Francis Baron, chief executive of the Rugby Football Union, and his director of "elite" rugby, Rob Andrew, have so many problems to solve, and such an urgent need to prove that they are aware of quite how profound is the slide of the England team into bankruptcy, they really need to make a start this very morning.
One gesture towards reality, and a sense of their own responsibility for the grief that is now falling on the head of Martin Johnson and his plainly inadequate team, would be a swift rewriting of the organisation's "mission statement".
After three weeks of progressively contemptuous undressing by the southern hemisphere it still reads like the resolve of brave but clueless missionaries nosing down the Nile.
The RFU mission, it says, is "to promote and govern rugby union in England through maintaining stable structures for the game that enables its successful development at all levels for the benefit of all its participants". This clearly includes the poor saps who on Saturday, against a seriously underperforming All Blacks, found quite beyond them the challenge of playing sufficiently within the "referee's rules" – who else's would be relevant? – so as to have all of their players on the field at the same time for more than half the match. We know this to be true because the mission statement goes on to state a further ambition: "To be world leaders through excellence in every aspect of the elite game."
Better, surely, to rewrite along the lines of, "It is our solemn duty to aspire to the dizzying heights of mere competence." England's descent since they won the World Cup of 2003 on a rainy night in Sydney has been as vertiginous as the author of that success, Sir Clive Woodward, warned it would be if certain "stable structures" were not been put in place.
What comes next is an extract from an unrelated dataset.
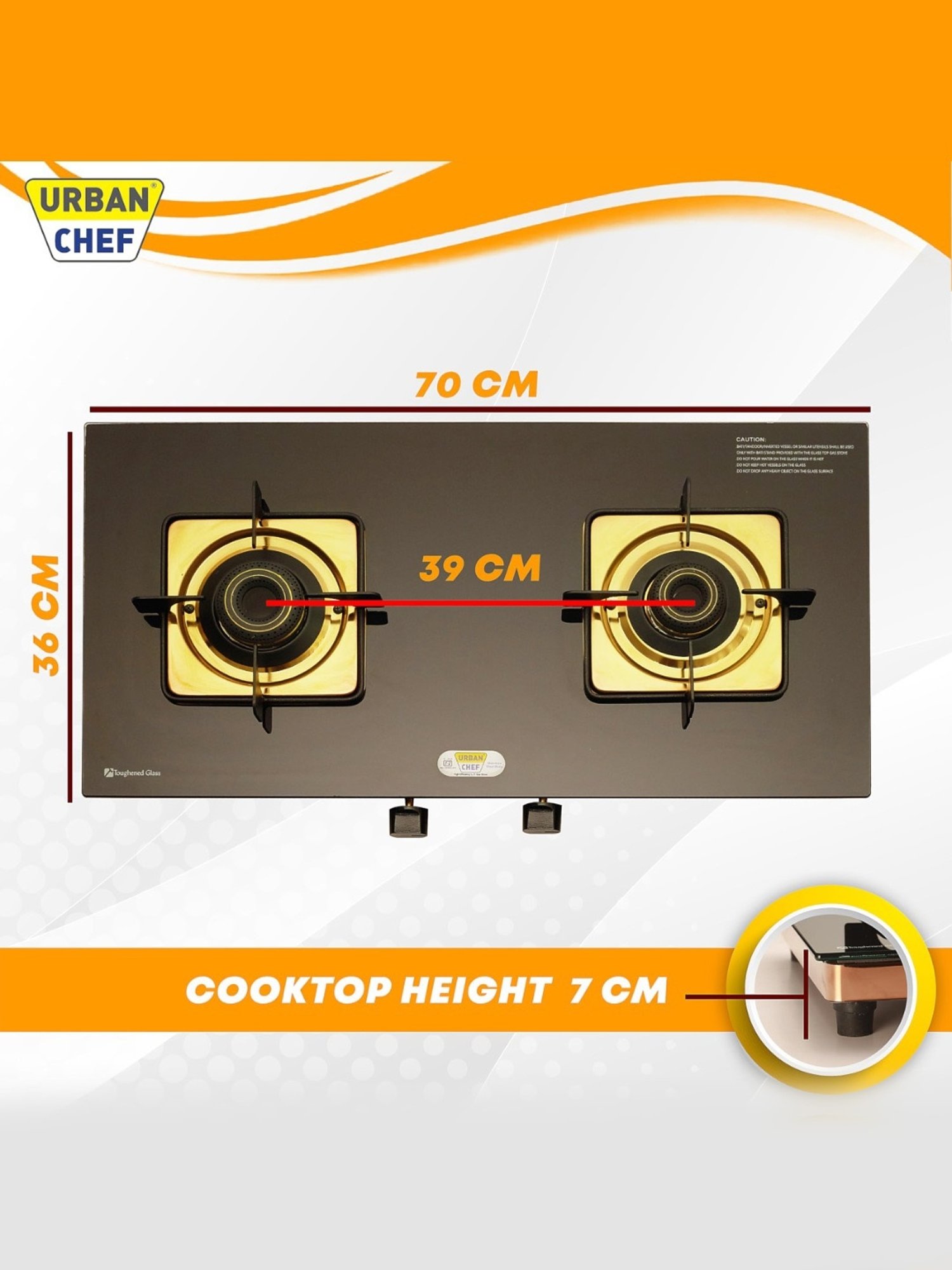 Urban Chef Gas Stove with 2 Burners ( Gold )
Now you can only weep for the warrior leader in the Telstra Stadium, Martin Johnson, who is reduced to mouthing the kind of platitudes heard on the lips of every time-battered-down coach in any sport who has looked down the barrel and discovered that his time is up.
No doubt the meaning of Johnson will preserve for some time his working life in charge of a disaster, but his declaration that England are operating with their best players and with a coaching staff that has all his confidence, and that they will all grow strong at the broken places suffered these last few weeks, was frankly no less than embarrassing after the New Zealanders had found their legs and something like their normal working rhythm.
If Dan Carter had not spent the afternoon attempting to imitate a normal, fallible human being, the score would have exceeded that of the previous week's slaughter by the South Africans. As it was, Carter only succeeded in his odd ambition, for a sporting god that is, when it came to kicking the dead ball. At other times he looked in an entirely different class in almost everything he did and most sublimely when he chipped the ball into the hands of Mils Muliaina for one of his two tries. Most of this was happening on another planet to the one occupied by England, and if there was any doubt about this it was swept away when James Haskell came off the field with the bravado of a hero of a Flashman novel. Stick with England, said Haskell, but stick with what? Shockingly ill-formed rugby and a code of discipline that would scarcely have passed muster at the old Club Med.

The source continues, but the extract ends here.